En el discurso que pronunció al recibir el Premio Nacional de Periodismo, Elena Poniatowska, valiente y crítica como lo ha sido siempre, dijo: “Recibir el premio a los 41 días de la desaparición de los 43 estudiantes normalistas de Ayotzinapa apachurra el corazón. ¿A ellos quién los premió? ¿Qué les dio México? Los premios nunca les tocan a los que más los merecen, a los pobres, a los que atraviesan el día como una tarea sin más recompensa que el sueño” (p.32). Y recordó entonces una historia vivida por el astrónomo Guillermo Haro, su marido, quien al darle un aventón a un campesino en la carretera México-Puebla le preguntó “¿Y usted qué sueña?”, a lo que el campesino respondió: “Nosotros no podemos darnos el lujo de soñar” [2].
La ira de México es un libro para gritar de dolor, de rabia, de indignación. Un libro para llorar de bronca y de tristeza. Al leerlo tuve una sensación parecida a la que me dio el acercarme al Nunca más, el brutal Informe preparado por la Comisión Nacional sobre la Desaparición de Personas en la Argentina de la posdictadura. En aquel caso como en éste, la lectura es casi imposible por los horrores que cuenta, y sin embargo leerlo es una responsabilidad ética a la que no podemos ni debemos renunciar.

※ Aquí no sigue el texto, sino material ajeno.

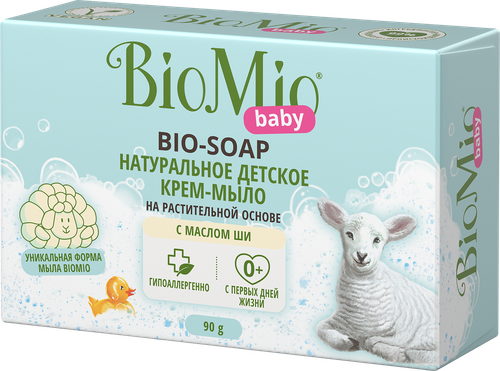 

Крем-мыло BioMio Baby натуральное с маслом ши 90 г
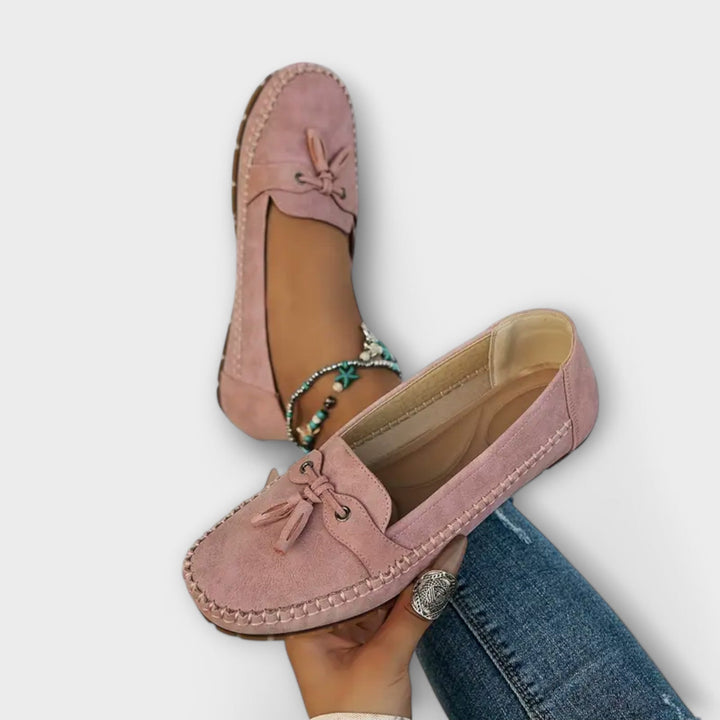 Teresa - Leather Moccasins
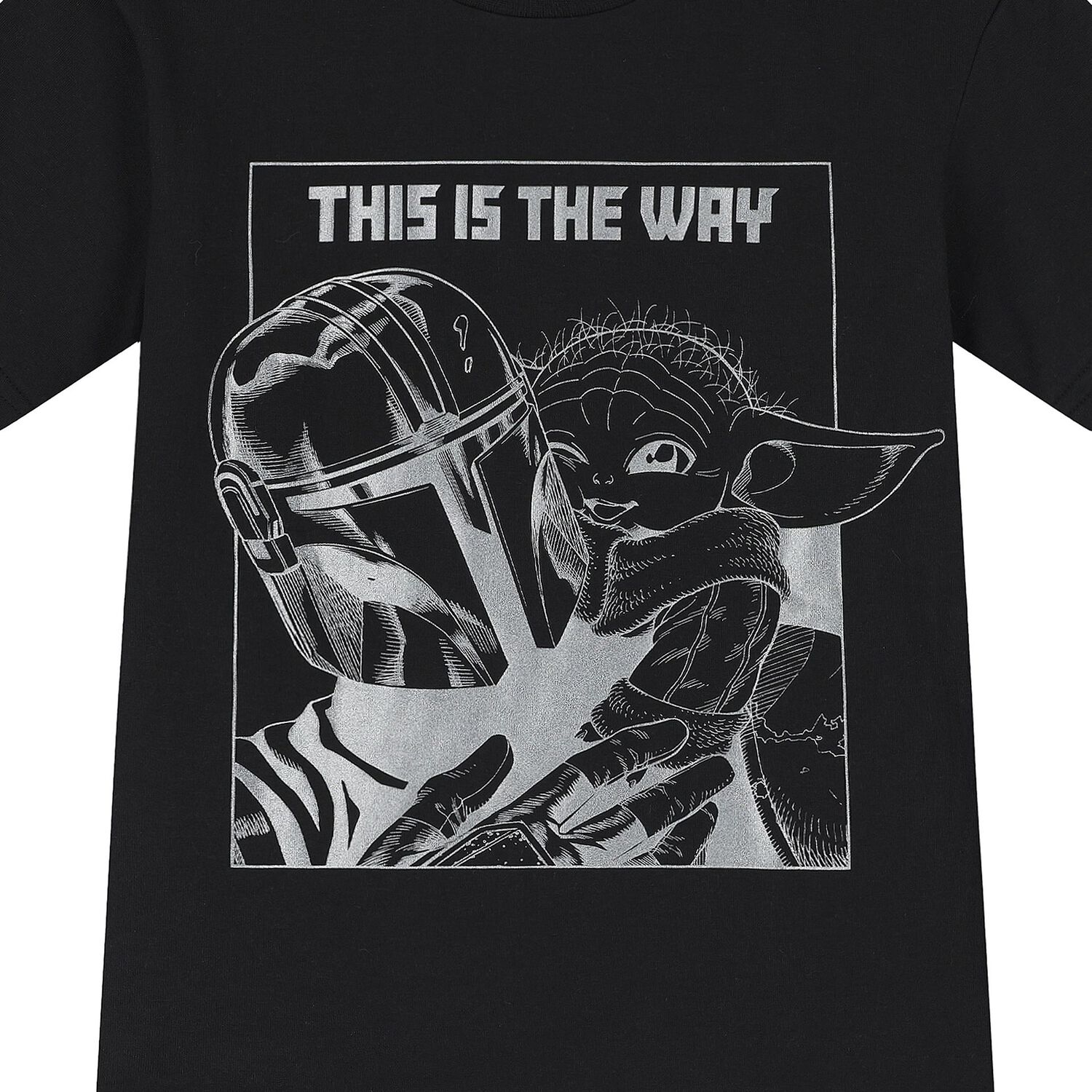 تيشيرت  أولاد  بشعار ستار وارز باللون الأسود , 1, hi-res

Como dicen los versos de Osorno debemos “escribir más que nunca y sin parar…” porque “No basta con encender una vela por la paz”.
No basta para responder “podemos” ante la sociedad que reclama; no basta para que en nuestro territorio todos, absolutamente todos, podamos recuperar “el lujo de soñar”.
[1] El otro artículo de Marcela Turati incluido en La ira de México, se llama “La guerra me hizo feminista” y habla justamente de esta presencia constante de mujeres en la búsqueda de los desaparecidos y en la exigencia de justicia. [2] El fragmento de discurso lo retoma Felipe Restrepo Pombo en su estupenda introducción a La ira de México.